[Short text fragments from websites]
----

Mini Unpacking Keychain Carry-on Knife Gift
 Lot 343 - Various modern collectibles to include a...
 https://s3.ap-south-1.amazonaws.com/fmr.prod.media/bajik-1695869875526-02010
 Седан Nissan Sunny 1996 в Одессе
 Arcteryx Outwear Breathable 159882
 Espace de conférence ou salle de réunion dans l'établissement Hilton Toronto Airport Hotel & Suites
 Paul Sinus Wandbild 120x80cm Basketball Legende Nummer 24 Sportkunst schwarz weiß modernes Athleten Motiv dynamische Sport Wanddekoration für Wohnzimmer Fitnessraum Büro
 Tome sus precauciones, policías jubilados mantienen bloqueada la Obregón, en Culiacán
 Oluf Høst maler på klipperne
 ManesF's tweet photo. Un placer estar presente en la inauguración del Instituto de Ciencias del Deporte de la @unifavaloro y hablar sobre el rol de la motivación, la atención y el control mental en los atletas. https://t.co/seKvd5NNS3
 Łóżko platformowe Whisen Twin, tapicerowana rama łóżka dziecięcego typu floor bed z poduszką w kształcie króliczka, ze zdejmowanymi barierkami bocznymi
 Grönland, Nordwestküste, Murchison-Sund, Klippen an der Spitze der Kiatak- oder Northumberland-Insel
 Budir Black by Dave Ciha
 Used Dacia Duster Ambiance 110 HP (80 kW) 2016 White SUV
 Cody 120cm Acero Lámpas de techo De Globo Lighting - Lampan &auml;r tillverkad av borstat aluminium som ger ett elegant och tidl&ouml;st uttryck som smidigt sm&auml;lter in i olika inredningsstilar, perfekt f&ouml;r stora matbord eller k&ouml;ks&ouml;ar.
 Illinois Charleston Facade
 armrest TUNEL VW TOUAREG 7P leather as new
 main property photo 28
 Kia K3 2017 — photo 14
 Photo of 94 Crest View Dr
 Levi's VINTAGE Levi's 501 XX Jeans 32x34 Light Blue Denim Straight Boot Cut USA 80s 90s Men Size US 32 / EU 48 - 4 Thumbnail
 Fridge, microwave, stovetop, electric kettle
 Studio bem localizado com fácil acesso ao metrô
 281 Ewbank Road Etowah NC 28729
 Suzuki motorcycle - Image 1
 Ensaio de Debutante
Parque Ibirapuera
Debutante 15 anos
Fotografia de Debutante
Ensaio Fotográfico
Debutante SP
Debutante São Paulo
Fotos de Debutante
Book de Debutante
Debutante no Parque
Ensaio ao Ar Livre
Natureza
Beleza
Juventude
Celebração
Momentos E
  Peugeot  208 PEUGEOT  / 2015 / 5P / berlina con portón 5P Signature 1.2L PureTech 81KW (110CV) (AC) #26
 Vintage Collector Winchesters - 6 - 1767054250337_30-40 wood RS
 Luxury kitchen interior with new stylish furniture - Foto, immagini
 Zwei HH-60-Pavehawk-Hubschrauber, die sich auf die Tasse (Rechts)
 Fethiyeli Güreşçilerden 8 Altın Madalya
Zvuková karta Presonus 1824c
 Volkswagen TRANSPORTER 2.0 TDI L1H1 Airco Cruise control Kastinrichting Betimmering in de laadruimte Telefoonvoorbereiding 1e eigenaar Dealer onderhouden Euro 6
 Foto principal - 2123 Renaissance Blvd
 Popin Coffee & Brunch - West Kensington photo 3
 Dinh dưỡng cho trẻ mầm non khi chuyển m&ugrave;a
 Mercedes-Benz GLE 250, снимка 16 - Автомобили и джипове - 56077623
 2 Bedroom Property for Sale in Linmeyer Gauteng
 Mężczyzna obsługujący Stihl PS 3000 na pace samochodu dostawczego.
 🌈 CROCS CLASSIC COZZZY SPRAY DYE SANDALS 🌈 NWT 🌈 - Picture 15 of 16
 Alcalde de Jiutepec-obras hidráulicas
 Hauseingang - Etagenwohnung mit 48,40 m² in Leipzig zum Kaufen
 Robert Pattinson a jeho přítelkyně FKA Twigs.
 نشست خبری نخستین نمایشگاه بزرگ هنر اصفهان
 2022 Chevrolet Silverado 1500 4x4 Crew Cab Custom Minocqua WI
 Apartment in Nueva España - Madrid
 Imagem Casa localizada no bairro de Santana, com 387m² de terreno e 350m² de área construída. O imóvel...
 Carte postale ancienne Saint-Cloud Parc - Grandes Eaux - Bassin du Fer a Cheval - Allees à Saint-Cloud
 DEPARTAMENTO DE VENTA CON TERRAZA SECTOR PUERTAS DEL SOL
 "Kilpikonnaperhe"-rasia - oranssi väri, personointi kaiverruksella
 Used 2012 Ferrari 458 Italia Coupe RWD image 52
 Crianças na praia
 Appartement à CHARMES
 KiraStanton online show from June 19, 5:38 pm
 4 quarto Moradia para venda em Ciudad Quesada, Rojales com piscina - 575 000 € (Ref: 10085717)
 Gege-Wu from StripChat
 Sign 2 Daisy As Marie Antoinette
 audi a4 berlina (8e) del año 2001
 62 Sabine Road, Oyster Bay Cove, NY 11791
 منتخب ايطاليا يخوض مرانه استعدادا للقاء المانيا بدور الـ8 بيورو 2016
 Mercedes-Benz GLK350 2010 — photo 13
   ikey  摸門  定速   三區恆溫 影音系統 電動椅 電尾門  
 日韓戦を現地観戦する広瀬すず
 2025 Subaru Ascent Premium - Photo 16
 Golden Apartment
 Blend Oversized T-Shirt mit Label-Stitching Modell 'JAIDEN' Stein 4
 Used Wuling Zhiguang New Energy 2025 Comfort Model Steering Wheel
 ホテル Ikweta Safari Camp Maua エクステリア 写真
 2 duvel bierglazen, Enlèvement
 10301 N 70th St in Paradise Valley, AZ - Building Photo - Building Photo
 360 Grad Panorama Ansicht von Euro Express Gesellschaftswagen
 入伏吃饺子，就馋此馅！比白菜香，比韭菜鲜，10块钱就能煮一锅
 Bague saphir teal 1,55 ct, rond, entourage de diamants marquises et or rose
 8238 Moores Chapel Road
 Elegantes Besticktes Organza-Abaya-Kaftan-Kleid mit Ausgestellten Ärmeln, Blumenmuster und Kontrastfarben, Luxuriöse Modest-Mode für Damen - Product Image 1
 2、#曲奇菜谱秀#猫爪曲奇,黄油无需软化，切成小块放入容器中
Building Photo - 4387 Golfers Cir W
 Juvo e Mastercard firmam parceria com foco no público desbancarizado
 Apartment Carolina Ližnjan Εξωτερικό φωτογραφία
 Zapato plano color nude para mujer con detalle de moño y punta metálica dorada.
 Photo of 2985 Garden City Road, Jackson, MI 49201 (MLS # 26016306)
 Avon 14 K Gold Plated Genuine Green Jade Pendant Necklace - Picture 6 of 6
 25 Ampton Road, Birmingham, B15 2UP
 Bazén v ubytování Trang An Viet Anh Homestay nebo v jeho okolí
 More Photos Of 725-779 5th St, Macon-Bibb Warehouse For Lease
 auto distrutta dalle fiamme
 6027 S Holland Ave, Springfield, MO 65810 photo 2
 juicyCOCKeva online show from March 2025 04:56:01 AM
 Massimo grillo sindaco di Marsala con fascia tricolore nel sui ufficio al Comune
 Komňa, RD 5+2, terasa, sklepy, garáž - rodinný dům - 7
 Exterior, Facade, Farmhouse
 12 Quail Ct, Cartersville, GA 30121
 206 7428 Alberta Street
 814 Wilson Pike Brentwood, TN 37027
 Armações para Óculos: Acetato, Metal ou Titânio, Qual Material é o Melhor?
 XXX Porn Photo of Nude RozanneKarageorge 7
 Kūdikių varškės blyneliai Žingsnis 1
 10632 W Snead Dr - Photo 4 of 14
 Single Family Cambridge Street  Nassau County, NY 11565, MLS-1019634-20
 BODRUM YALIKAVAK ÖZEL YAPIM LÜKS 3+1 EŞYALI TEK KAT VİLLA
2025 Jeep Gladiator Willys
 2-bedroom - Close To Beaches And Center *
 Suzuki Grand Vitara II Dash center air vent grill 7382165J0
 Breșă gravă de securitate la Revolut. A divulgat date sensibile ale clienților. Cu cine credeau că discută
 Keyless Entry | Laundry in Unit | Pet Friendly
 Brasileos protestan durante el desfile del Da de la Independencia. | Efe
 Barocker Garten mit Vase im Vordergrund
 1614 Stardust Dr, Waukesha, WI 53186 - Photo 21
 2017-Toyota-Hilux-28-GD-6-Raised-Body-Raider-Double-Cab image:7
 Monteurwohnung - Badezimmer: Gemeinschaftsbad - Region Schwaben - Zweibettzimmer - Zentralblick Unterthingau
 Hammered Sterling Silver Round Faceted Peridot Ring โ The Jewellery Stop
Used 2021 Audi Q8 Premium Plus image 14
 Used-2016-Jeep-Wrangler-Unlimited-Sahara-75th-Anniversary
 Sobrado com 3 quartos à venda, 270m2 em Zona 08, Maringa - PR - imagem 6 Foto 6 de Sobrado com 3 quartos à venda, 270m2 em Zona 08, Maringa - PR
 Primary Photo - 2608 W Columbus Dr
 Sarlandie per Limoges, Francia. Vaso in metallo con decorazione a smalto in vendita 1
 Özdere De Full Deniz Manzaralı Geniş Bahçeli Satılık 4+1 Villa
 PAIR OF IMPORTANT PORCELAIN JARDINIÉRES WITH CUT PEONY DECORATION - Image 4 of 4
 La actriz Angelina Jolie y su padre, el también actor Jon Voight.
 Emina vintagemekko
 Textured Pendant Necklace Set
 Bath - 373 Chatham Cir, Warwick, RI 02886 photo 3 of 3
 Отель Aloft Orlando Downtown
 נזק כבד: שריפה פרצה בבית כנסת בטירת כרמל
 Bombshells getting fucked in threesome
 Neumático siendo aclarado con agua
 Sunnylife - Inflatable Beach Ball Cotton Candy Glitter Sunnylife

----

■ Activity: Looking at the entries, count the lines where the word "Parque" appears, and state the count by itself.

■ Task output: 2